I picked up this one just because I had never seen one before. Anyone know much about it. It may be from the mid 1940's as there is a 44 embossed with two other numbers on the bottom, I know nothing about dating jars so this is pure speculation on my part. I'm assuming it is a Anchor Hocking jar due to the anchor with an H incorporated into it, which is the symbol that glass company uses; however, this is the first time I have seen the symbol this big. Did Anchor Hocking make the original Lightning jars? Or does this Lightning refer to something else?


----------



## ajohn (Apr 20, 2009)

Hey morbious,
 Lightning refers to the closure type.Charles de Quillfecdt of New York patented the first lightning type closure,(or toggle closure) in 1875 for beers and soda bottles.
   It was Henry Putnam that modified this type closure to work for fruit jars in1885 (patent date).He used "Lightning" as a trademark for his jar.
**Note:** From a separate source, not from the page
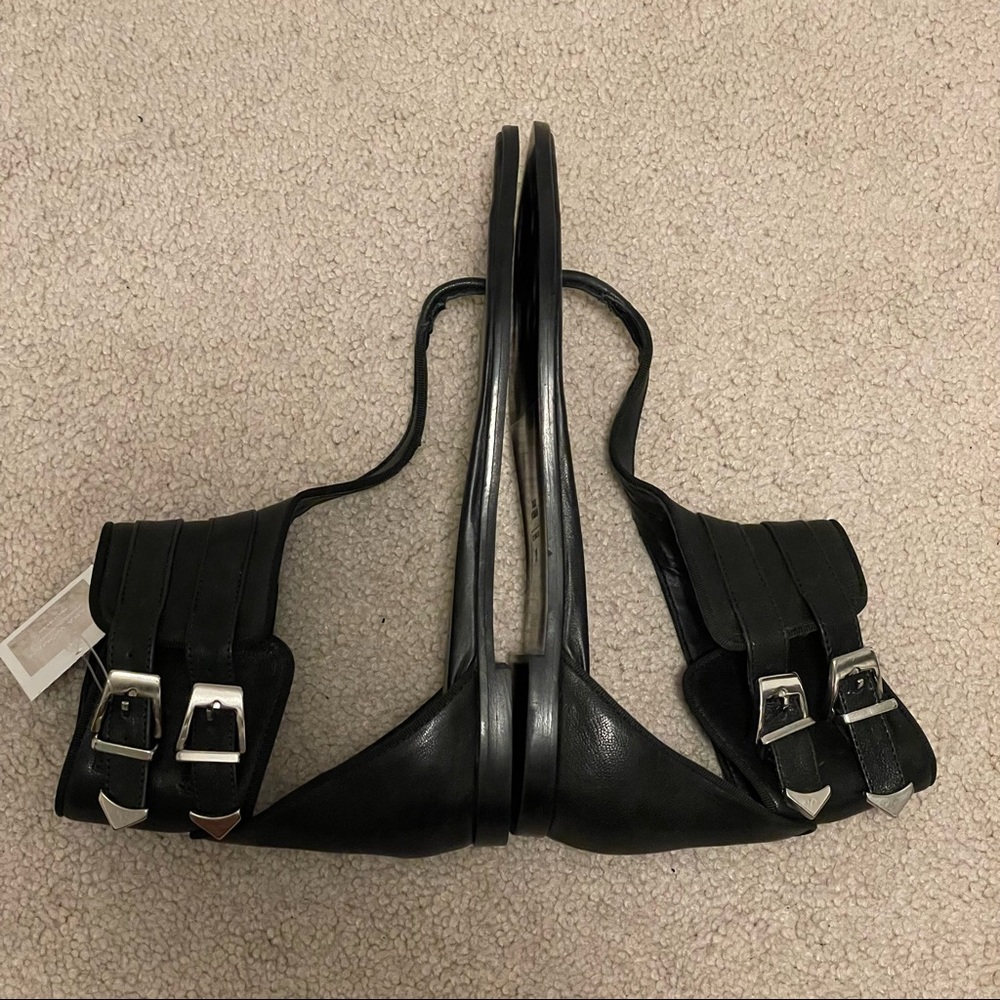Zara Leather Gladiator Sandals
Then about 1908 a new patent came out that eliminated the bail wire and replaced it with dimples.(your jar) These jars were in production until about the 1960's
  your jar is RB#80,value:$2.00-$4.00
 Hope that helps,Anthony


----------



## morbious_fod (Apr 21, 2009)

Thanks. I paid five for it, but I liked it so it's all good. Thanks for the info.


----------